== Segment start ==
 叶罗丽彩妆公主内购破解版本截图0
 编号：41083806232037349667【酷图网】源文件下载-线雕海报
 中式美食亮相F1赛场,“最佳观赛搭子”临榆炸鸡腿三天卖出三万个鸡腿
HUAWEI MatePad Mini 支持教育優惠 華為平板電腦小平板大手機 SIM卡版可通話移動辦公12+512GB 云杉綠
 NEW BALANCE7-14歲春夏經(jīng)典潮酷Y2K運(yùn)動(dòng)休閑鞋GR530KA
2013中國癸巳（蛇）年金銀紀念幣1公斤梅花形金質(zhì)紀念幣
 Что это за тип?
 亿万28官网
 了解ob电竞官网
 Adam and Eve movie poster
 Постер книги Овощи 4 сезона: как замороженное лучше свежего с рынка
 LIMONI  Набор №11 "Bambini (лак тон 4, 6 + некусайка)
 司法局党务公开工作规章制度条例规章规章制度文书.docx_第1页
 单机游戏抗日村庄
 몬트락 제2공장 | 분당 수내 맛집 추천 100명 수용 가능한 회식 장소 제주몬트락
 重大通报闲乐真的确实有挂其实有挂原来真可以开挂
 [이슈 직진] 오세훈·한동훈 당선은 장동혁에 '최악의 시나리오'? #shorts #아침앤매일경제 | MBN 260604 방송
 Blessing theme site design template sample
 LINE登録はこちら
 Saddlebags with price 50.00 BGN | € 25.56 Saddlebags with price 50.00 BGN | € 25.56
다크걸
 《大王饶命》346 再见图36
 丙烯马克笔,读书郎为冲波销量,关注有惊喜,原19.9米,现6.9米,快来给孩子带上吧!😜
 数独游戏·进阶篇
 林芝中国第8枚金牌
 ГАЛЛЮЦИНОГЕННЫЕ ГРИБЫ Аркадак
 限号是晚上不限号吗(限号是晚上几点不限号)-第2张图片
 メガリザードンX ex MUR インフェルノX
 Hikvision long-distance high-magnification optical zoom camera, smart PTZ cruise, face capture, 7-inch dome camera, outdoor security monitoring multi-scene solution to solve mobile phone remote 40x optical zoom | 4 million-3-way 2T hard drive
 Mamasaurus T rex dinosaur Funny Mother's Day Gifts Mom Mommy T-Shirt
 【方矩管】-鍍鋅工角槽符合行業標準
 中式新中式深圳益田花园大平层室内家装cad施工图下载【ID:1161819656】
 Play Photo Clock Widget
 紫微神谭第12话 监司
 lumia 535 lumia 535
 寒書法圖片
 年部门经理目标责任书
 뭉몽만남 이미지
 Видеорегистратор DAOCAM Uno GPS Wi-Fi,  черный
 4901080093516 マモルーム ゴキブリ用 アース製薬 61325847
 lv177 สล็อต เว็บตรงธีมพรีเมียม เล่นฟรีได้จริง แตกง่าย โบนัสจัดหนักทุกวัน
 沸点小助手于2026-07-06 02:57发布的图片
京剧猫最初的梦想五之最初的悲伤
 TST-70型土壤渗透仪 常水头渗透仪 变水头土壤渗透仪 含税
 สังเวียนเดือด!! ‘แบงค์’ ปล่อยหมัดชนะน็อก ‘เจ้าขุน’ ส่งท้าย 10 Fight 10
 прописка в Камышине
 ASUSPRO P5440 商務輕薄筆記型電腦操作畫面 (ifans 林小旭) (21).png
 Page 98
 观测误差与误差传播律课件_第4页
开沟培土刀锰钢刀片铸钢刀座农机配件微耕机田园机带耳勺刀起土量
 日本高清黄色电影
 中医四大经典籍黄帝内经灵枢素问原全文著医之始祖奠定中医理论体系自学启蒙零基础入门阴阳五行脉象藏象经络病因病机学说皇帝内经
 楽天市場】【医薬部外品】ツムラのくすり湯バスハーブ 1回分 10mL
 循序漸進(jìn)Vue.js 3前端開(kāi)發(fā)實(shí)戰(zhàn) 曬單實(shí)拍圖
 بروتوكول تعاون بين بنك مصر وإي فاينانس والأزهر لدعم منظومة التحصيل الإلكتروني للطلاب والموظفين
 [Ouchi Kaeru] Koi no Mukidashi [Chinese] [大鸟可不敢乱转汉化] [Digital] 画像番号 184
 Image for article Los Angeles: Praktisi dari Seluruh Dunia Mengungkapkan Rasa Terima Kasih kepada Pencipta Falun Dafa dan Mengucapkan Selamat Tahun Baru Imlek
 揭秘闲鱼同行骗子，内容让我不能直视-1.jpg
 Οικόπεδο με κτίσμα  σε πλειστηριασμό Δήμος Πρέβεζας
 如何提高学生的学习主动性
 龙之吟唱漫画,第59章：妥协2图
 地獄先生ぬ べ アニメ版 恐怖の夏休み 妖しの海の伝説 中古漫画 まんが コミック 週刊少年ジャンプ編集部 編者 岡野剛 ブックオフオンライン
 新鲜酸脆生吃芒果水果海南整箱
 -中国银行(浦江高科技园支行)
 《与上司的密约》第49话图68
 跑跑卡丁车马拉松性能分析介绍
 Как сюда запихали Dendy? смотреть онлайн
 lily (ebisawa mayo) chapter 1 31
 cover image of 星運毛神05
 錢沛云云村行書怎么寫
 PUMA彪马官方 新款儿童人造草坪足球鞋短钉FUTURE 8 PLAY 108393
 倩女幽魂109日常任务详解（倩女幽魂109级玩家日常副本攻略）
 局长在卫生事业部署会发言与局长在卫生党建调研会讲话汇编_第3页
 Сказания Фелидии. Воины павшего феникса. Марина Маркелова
== Segment end ==
**WHAT YOU NEED TO DO:**
Starting with the line that contains "龙之吟唱漫画,第59章：妥协2图", write out each line through the end of the listing, exactly as it appears, and include nothing else.

**ANSWER SECTION:**
 龙之吟唱漫画,第59章：妥协2图
 地獄先生ぬ べ アニメ版 恐怖の夏休み 妖しの海の伝説 中古漫画 まんが コミック 週刊少年ジャンプ編集部 編者 岡野剛 ブックオフオンライン
 新鲜酸脆生吃芒果水果海南整箱
 -中国银行(浦江高科技园支行)
 《与上司的密约》第49话图68
 跑跑卡丁车马拉松性能分析介绍
 Как сюда запихали Dendy? смотреть онлайн
 lily (ebisawa mayo) chapter 1 31
 cover image of 星運毛神05
 錢沛云云村行書怎么寫
 PUMA彪马官方 新款儿童人造草坪足球鞋短钉FUTURE 8 PLAY 108393
 倩女幽魂109日常任务详解（倩女幽魂109级玩家日常副本攻略）
 局长在卫生事业部署会发言与局长在卫生党建调研会讲话汇编_第3页
 Сказания Фелидии. Воины павшего феникса. Марина Маркелова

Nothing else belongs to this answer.